« Gardiennes » de Fanny Cabon au studio du Gymnase Marie Bell dans une mise en scène de Bruno de Saint Riquier est un réquisitoire sur l’absurdité du petit pouvoir de l’homme sur la Femme.
Le poids des mots, le choc des situations !
Fanny Cabon avec une certaine délicatesse a choisi des mots tendres, cruels, cinglants, imagés, pour nous dévoiler le quotidien de ces femmes qui ont traversé le 20ème siècle et qui vivent d’une génération sur l’autre les mêmes peurs de la grossesse au lieu de la vivre dans la joie de donner la vie.
La très belle affiche de la pièce résume à elle seule ce qu’ont vécu toutes ces générations de femmes sous l’emprise de l’homme, ce qui les touche dans le plus profond de leur intimité.
Un fil de cette pelote de laine que l’auteure déroule sous nos yeux dans une lecture crue de leur univers où ces quelques gouttes de sang ont marqué à jamais leur chair.
Dans un paradoxe effrayant, l’homme est à la fois l’heureux géniteur, l’amoureux, le mari, le compagnon et le bourreau.
Dans cette évocation, nous traversons toute une lignée de femmes de 1920 à nos jours.
Des témoignages poignants de cette lignée que nous pourrions avoir entendus consciemment ou inconsciemment de la bouche de nos grand-mères, mères, tantes, cousines…de ces Gardiennes qui ont doit le dire, l’affirmer, le marteler, sont les seules à pouvoir disposer de leurs corps.
Car qui mieux que les femmes peuvent parler de ces grossesses qu’elles ont vécues avec amour ou avec angoisse.
Beaucoup de ces témoignages que l’auteure a entendus dans ses veillées familiales, au-delà du couple, ont pour objet l’avortement mais aussi les fausses couches.

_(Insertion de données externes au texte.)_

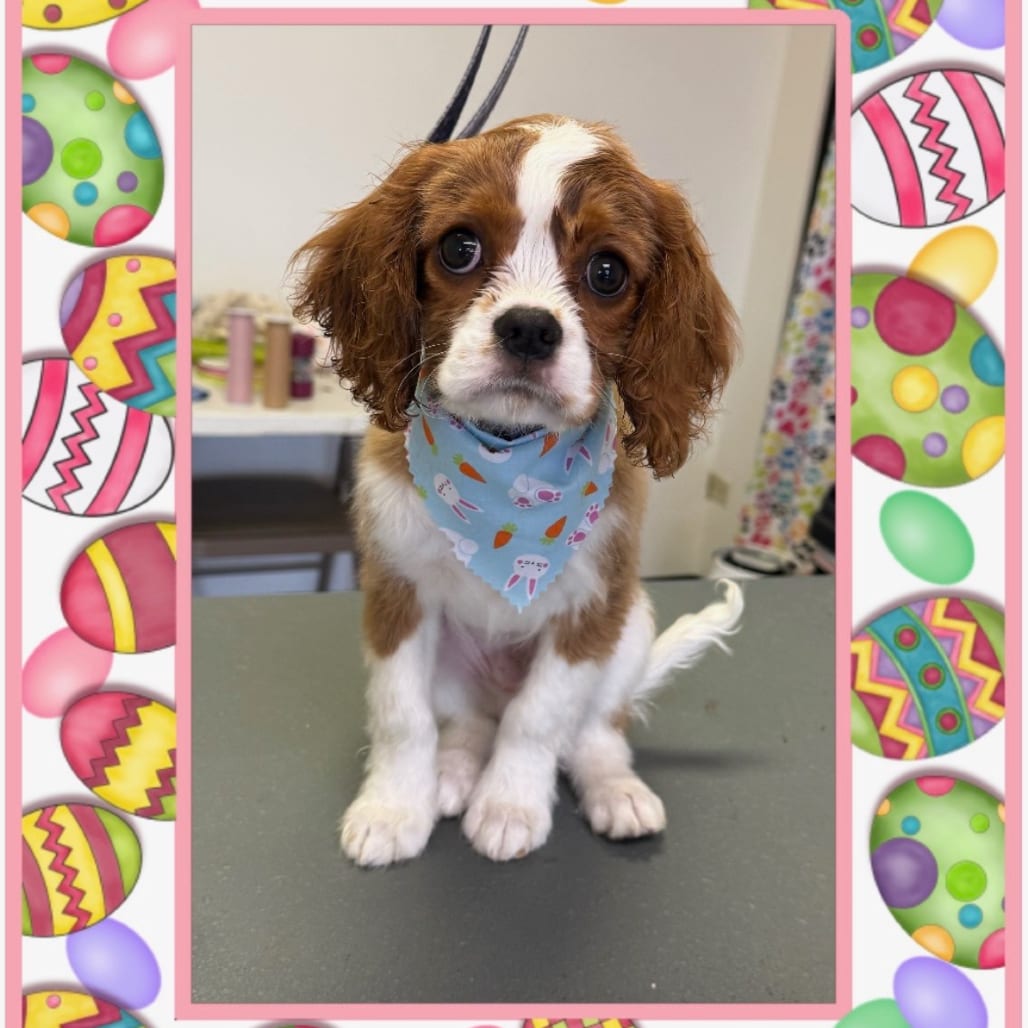 Photo of Casper - Home to Home, adoptable Spaniel, Cavalier King Charles / Spaniel, Cocker in South Elgin, Illinois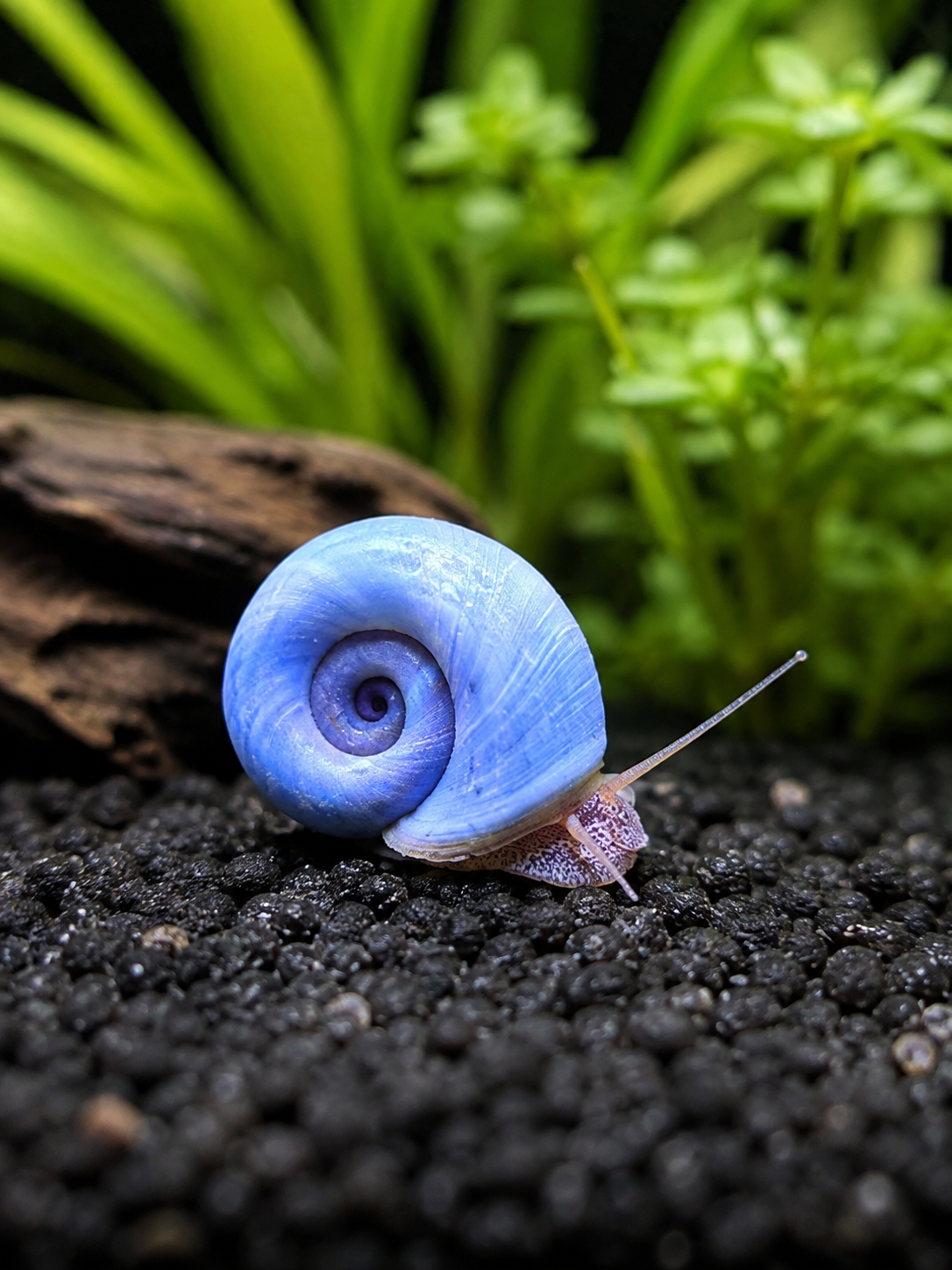 Blaue Posthornschnecke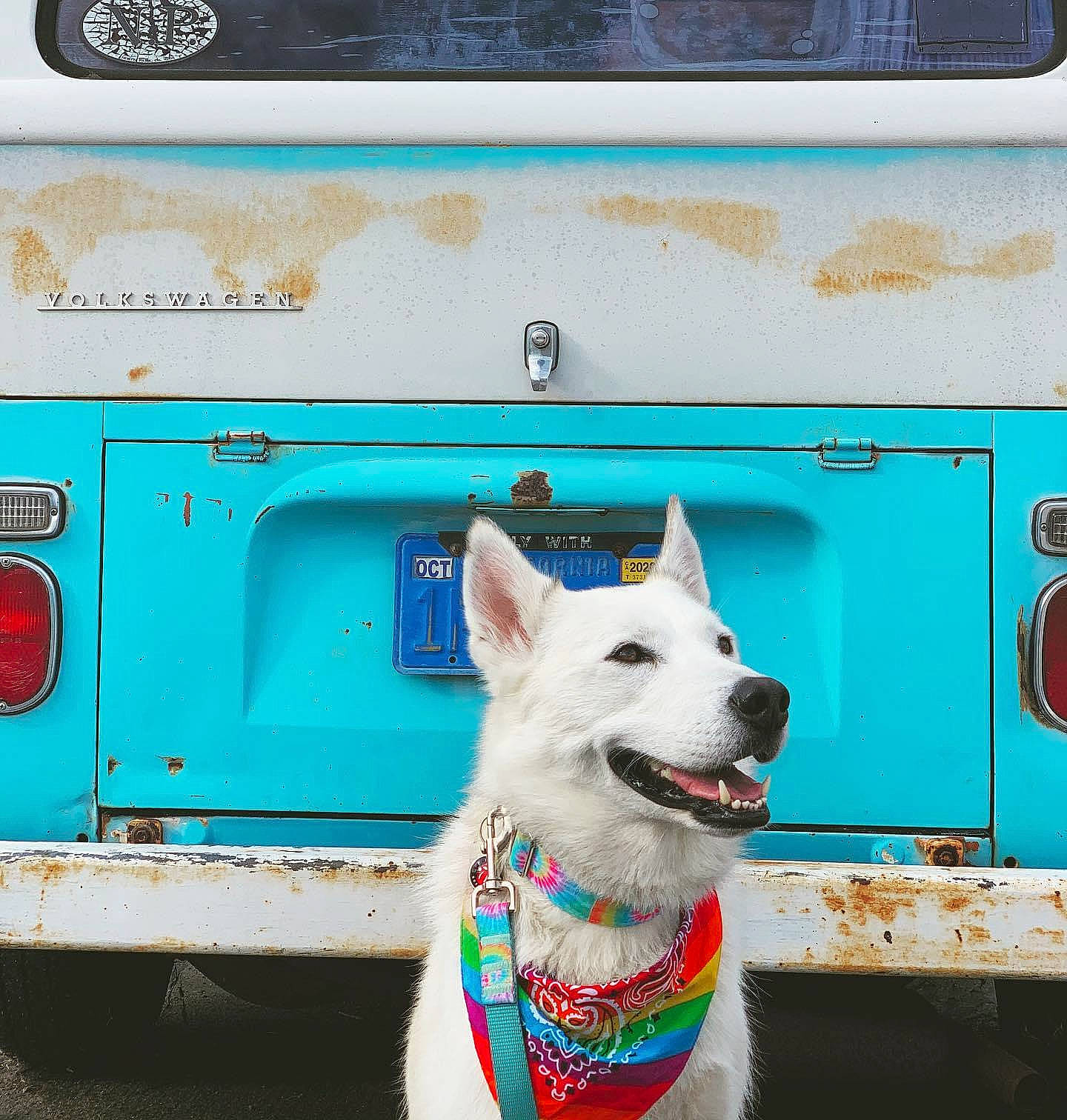 Fitz is registered to the contest to win money with this photo: berger_blanc_suisse, canidae, car, carnivore, dog, korean_jindo_dog, siberian_husky, turquoise, vehicle, white_shepherd, window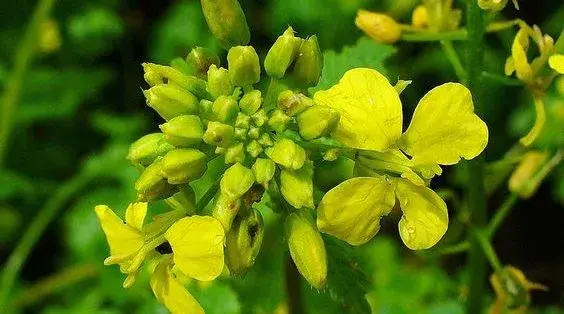 MOSTAZA-BLANCA-AROMATICA-564x314.webp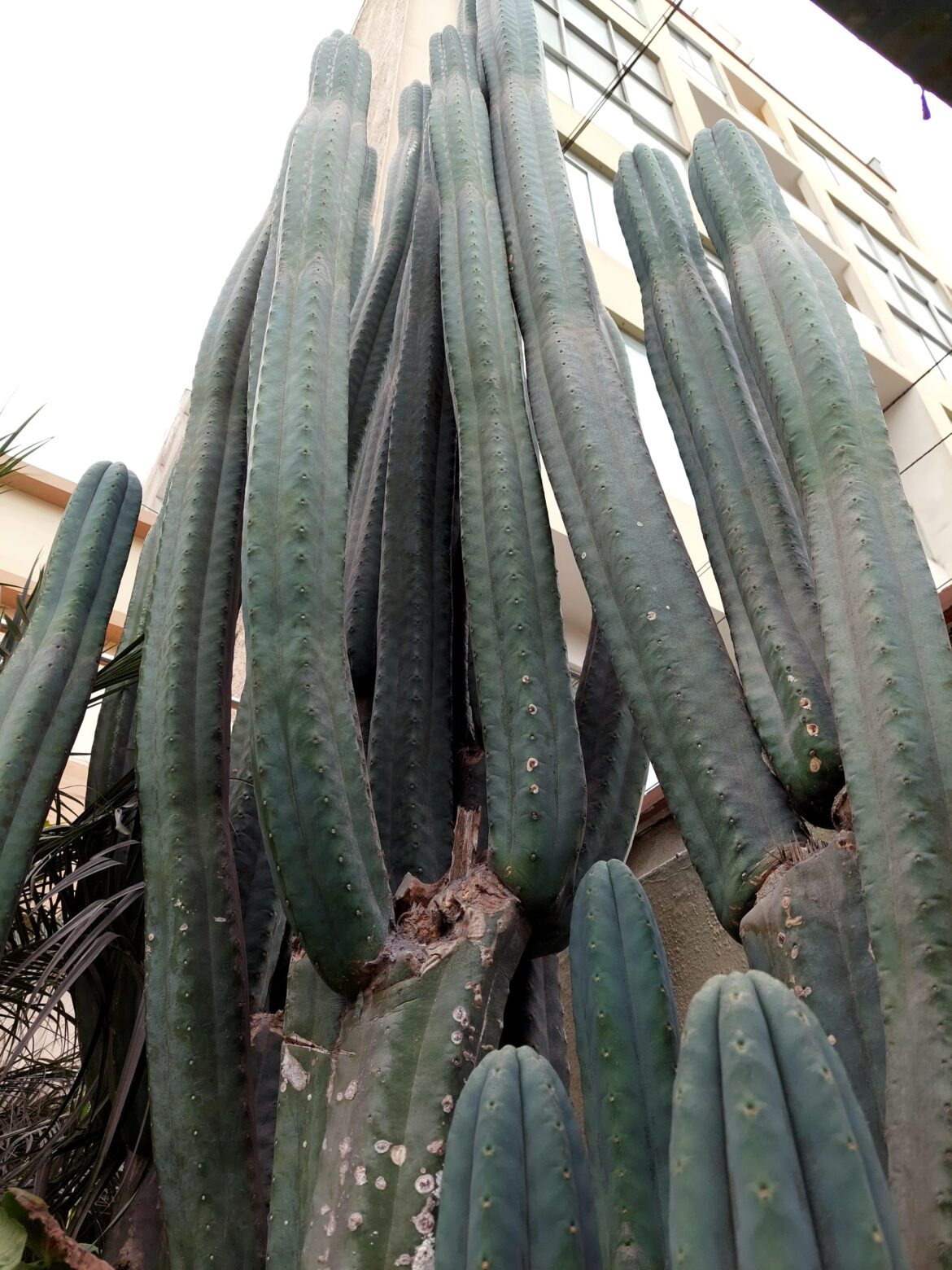 Pachanoi in Lima, Peru. Lima preinca civilisation have a very old use of the plant. Archeologists found a dried cutting of 4000 years old in a preinca temple in the area of El Paraiso near Callao.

Un avortement réalisé par ces faiseuses d’anges qui bien souvent débouchait certes sur la mort de l’embryon mais aussi malheureusement sur la mort de la mère, de la femme.
Des avortements clandestins faits dans des conditions précaires pour celles qui n’avaient pas les moyens, autant dire la majorité, de se rendre par exemple en Angleterre ou en Suisse.
Des avortements qui malgré la loi de Simone Veil continuaient à provoquer des malheurs dans les familles. L’homme n’ayant toujours pas compris que la femme est seule capable de pouvoir disposer de son corps, à l’image de ces médecins qui malgré la loi mentent pour asseoir leur pouvoir.
L’homme pense à son plaisir et ne peut concevoir des moyens de contraception, comme par exemple le préservatif ou encore le retrait, pour éviter les angoisses que ces femmes avaient ou ont lors des rapports, pour remplir soi-disant leur devoir conjugal.
Des témoignages des ces femmes, des fragments de vie vécus et enfouis dans la culpabilité, la douleur, dans leurs ventres, qui voient le jour sur scène avec le jeu lumineux et sincère de Fanny Cabon. Des femmes qui malgré ces épreuves gardent le sourire, la joie d’être mères.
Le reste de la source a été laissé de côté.